The data ->
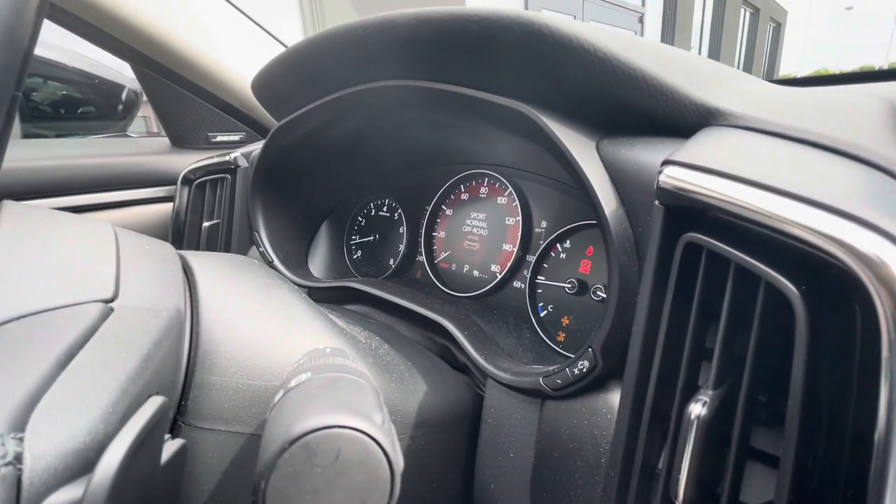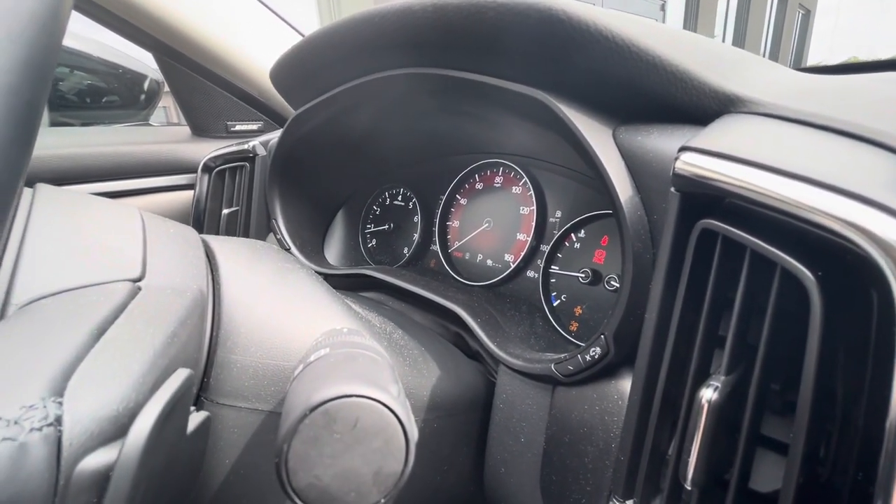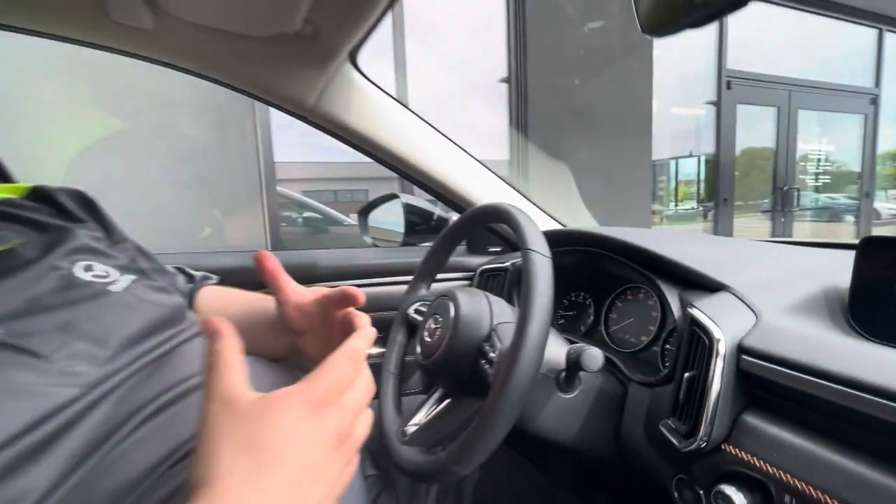So up here I'm going to switch it to sport. You're going to see this is how it's going to maintain the gear a little bit longer, give you a little bit more horsepower, a little bit more torque at the expense of some of your fuel economy — just a little bit more umph for you.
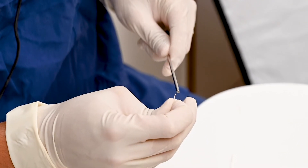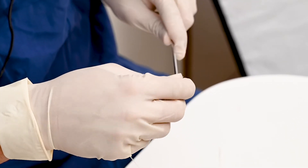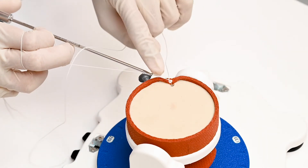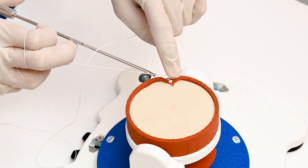This is the knot pusher. The tip of the suture is passed through the hole of the knot pusher. The knot pusher is passed over the post and slid inside so that the soft tissue will be reattached over the anchor point.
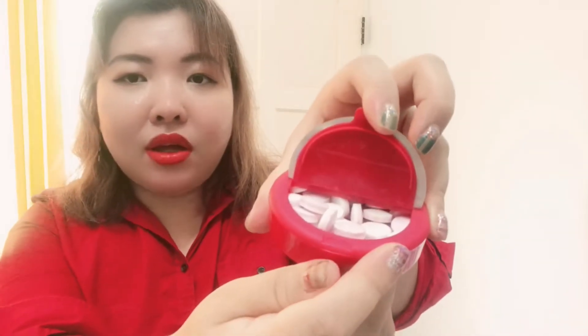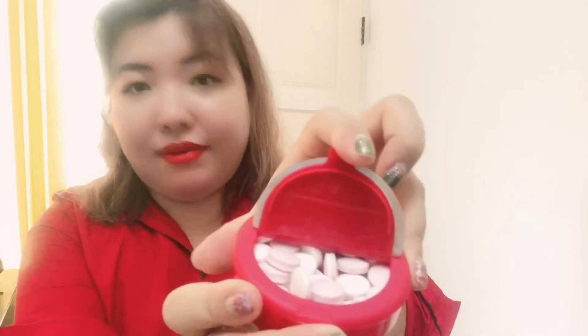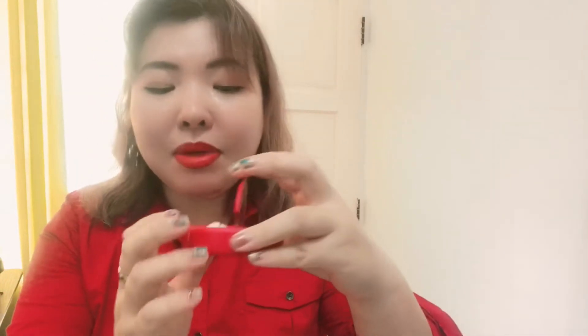Today I'm gonna do an unboxing — it's my first time trying it. Okay, I cannot open it... there we go. The seal is like this and then — wow, look at that! It smells so good, it smells exactly like strawberry. Let me see if it tastes sweet or sour — let's see, I'm gonna take one.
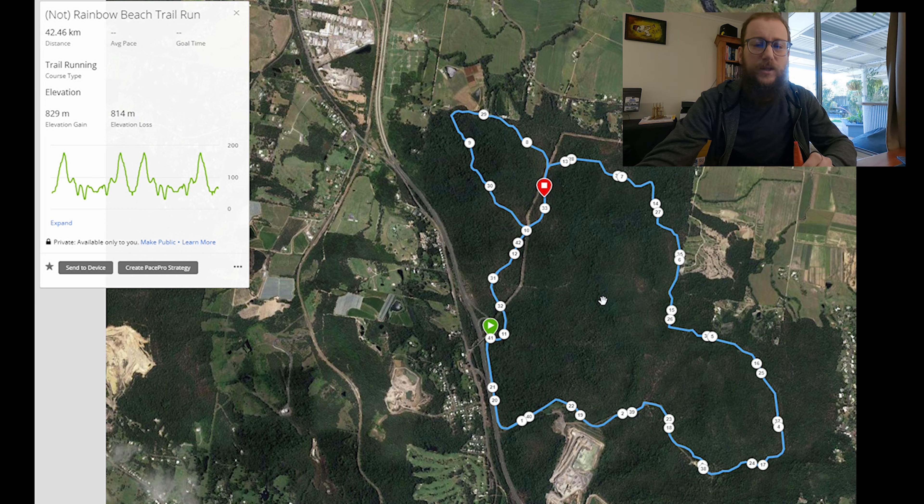That's the plan. At this point it looks like it's going to be achievable. It's within the rules and regulations of what we're allowed to do in this lockdown. So fingers crossed nothing changes in the next couple of days and we'll get out there and get through it. Looking forward to it — I'll check in before and afterwards and give you all an update as to how it went.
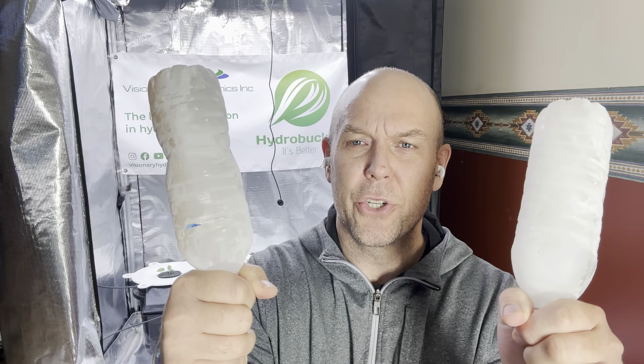Managing water temperature in hydro buckets is actually not that hard — we don't need to use a chiller, we can use frozen water bottles. I've had questions about how much it actually reduces the temperature, so let's find out. I froze these — make sure when you freeze them you leave an inch for expansion. I put some salt in them, and if you read about that, adding salt to water makes it stay frozen longer.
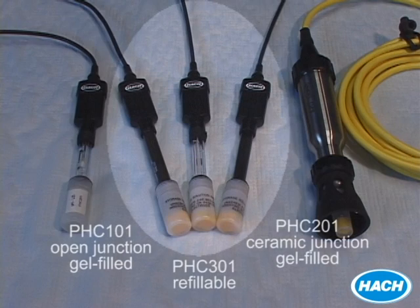We also have standard pH probes in gel-filled and liquid-filled configurations. The liquid-filled probe is refillable, while the gel-filled probe is a maintenance-free, disposable option. Both probes provide you with temperature measurements as well.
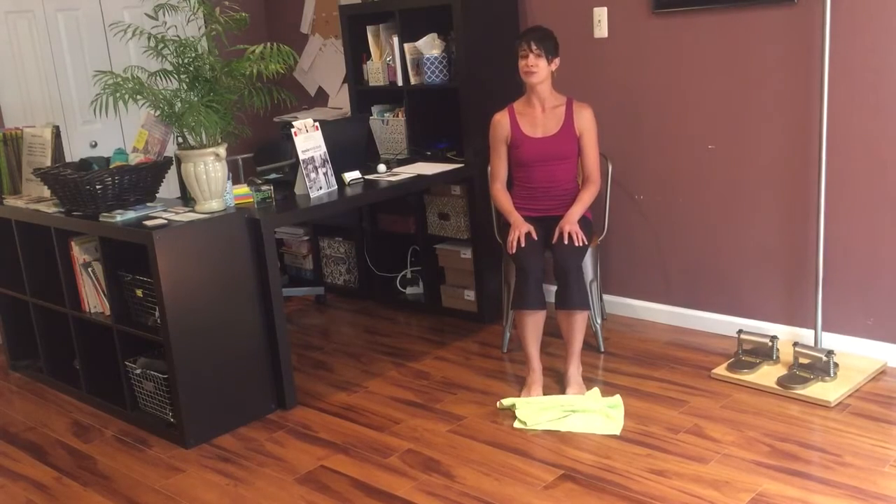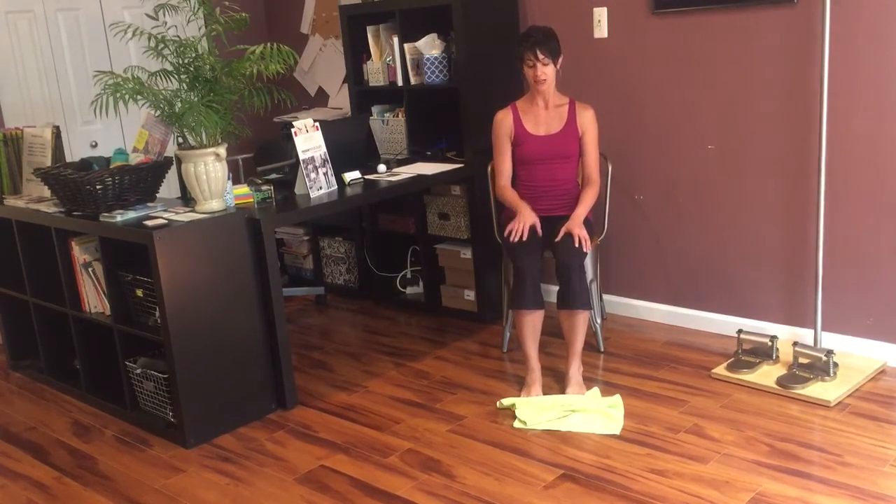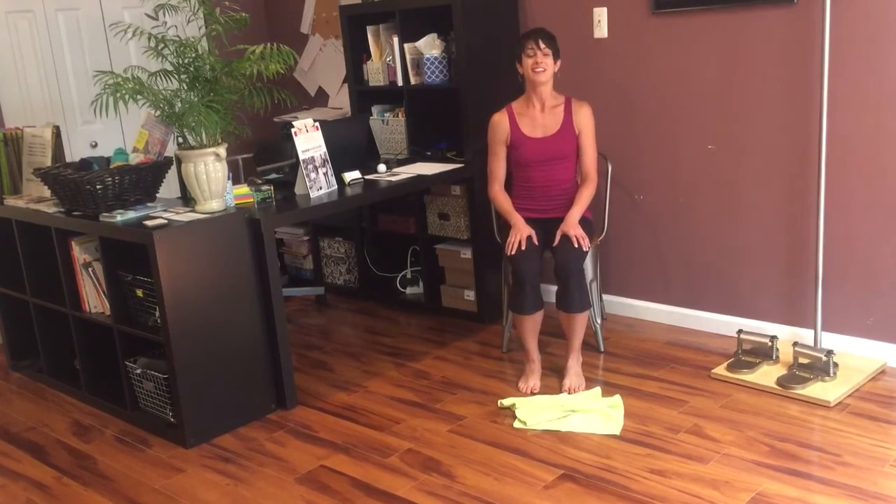So those are just two really easy, quick, simple things you can implement into your practice to keep your feet mobile and healthy and feel better every day. Thanks for watching.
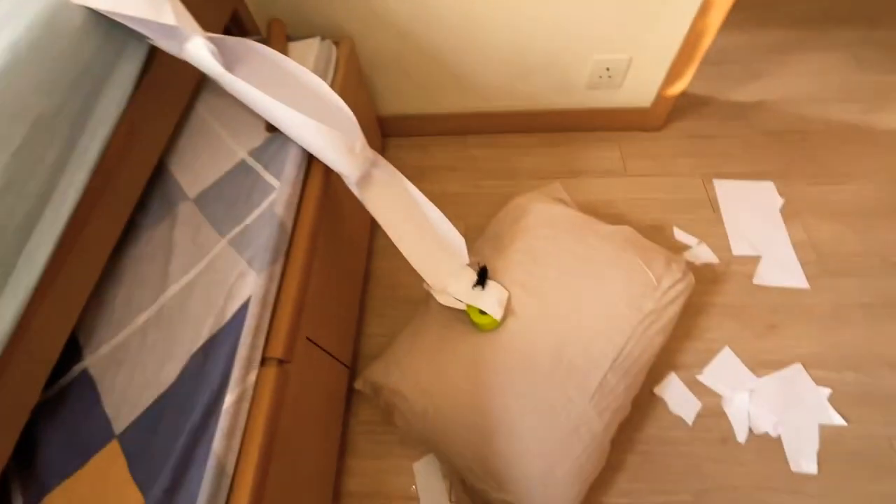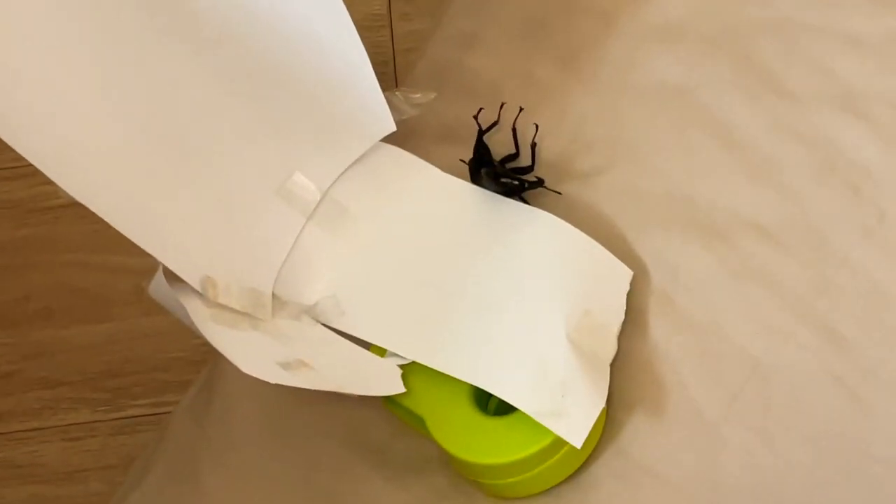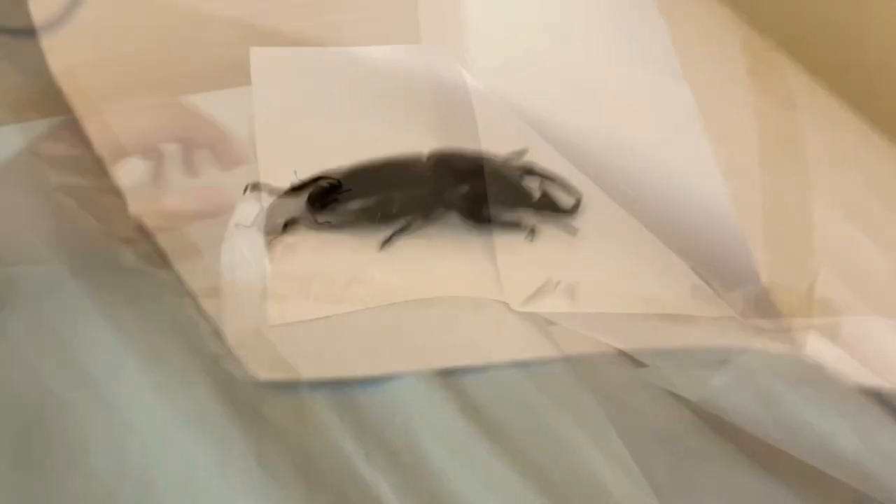Okay, so we're gonna do a Beatles slide. This is the water slide.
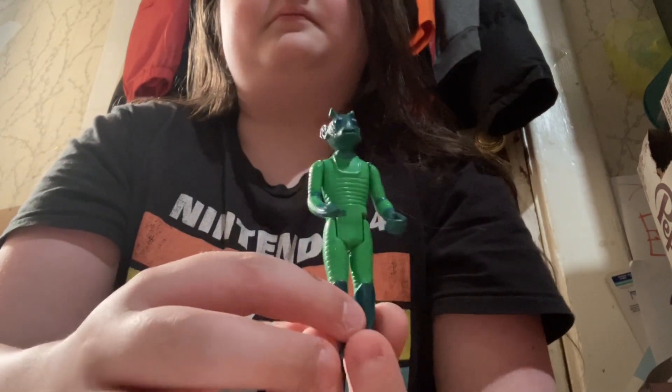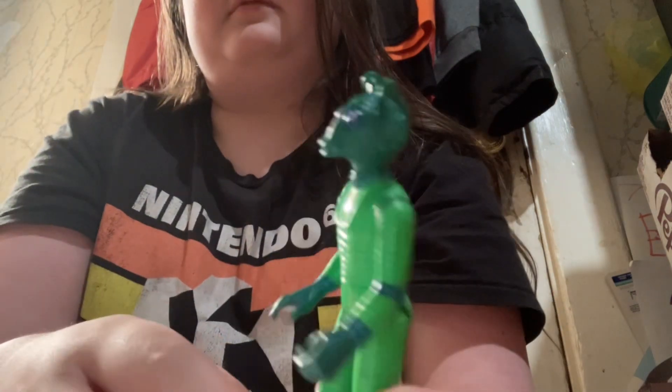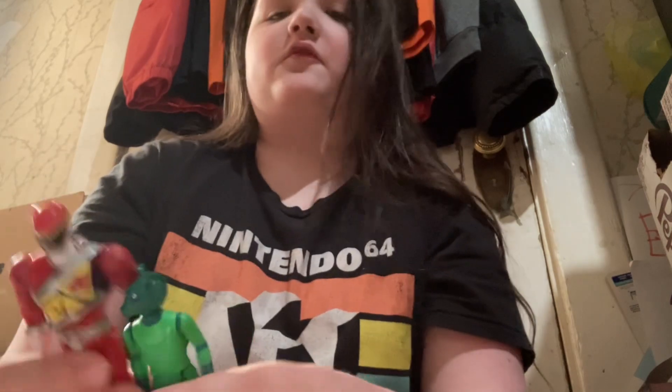Here he is. And now here is Greedo — my favorite Star Wars character, probably. He's just this basic 5POA articulation. He's awesome. And here they are on a scale reference — he's about 5 inches, maybe 4 and a half.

What is expected -> Beginning with the line above that has "Today I'm gonna" and going on through the line that has "So those are", retype every line exactly and add nothing else; drop the pictures.

Solution to this problem ->
Today I'm gonna do an unboxing — it's my first time trying it. Okay, I cannot open it... there we go. The seal is like this and then — wow, look at that! It smells so good, it smells exactly like strawberry. Let me see if it tastes sweet or sour — let's see, I'm gonna take one.
That's the plan. At this point it looks like it's going to be achievable. It's within the rules and regulations of what we're allowed to do in this lockdown. So fingers crossed nothing changes in the next couple of days and we'll get out there and get through it. Looking forward to it — I'll check in before and afterwards and give you all an update as to how it went.
Managing water temperature in hydro buckets is actually not that hard — we don't need to use a chiller, we can use frozen water bottles. I've had questions about how much it actually reduces the temperature, so let's find out. I froze these — make sure when you freeze them you leave an inch for expansion. I put some salt in them, and if you read about that, adding salt to water makes it stay frozen longer.
We also have standard pH probes in gel-filled and liquid-filled configurations. The liquid-filled probe is refillable, while the gel-filled probe is a maintenance-free, disposable option. Both probes provide you with temperature measurements as well.
So those are just two really easy, quick, simple things you can implement into your practice to keep your feet mobile and healthy and feel better every day. Thanks for watching.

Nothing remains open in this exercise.